■ RECORDED INFORMATION:

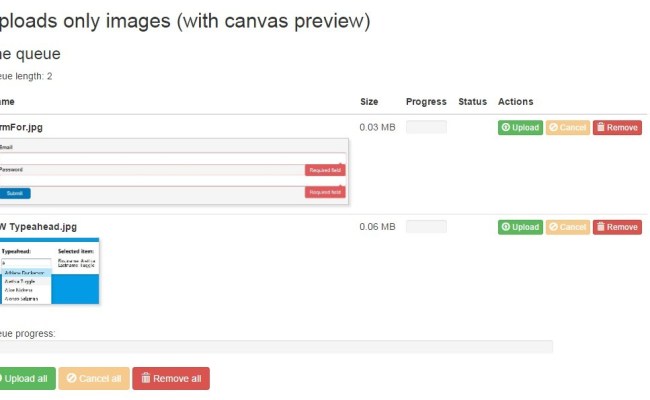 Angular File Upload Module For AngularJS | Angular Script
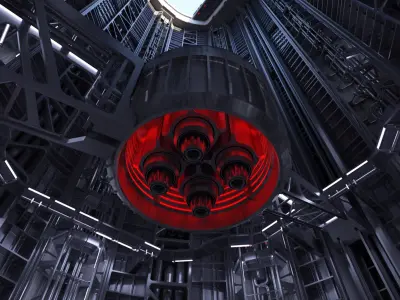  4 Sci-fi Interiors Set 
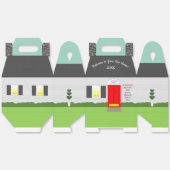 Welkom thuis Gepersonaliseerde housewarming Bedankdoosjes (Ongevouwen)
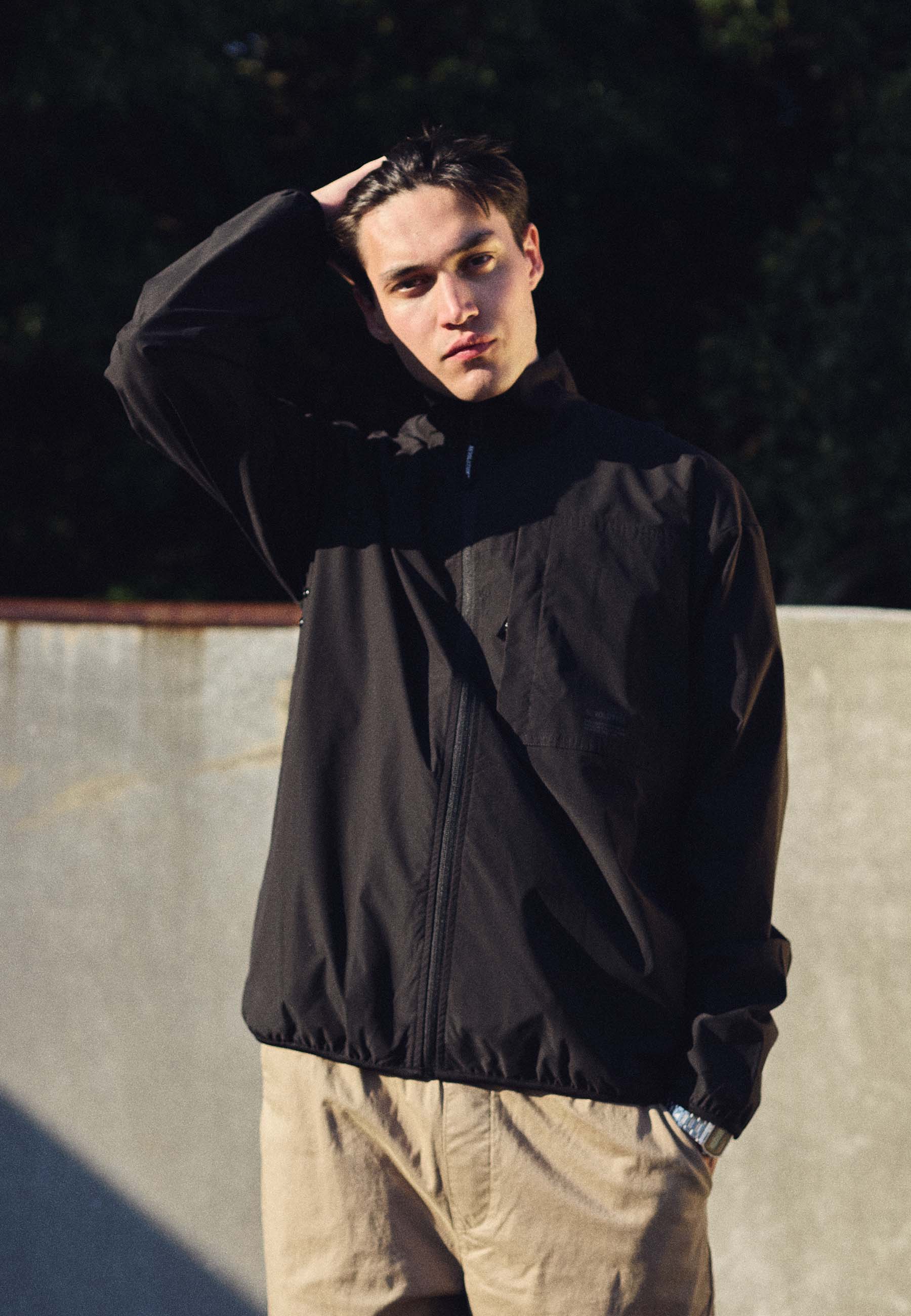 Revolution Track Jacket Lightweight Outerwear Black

■ TRY IT: Copy each line above exactly, with no images.

■ RESPONSE TO THE TASK:
 Angular File Upload Module For AngularJS | Angular Script
  4 Sci-fi Interiors Set 
 Welkom thuis Gepersonaliseerde housewarming Bedankdoosjes (Ongevouwen)
 Revolution Track Jacket Lightweight Outerwear Black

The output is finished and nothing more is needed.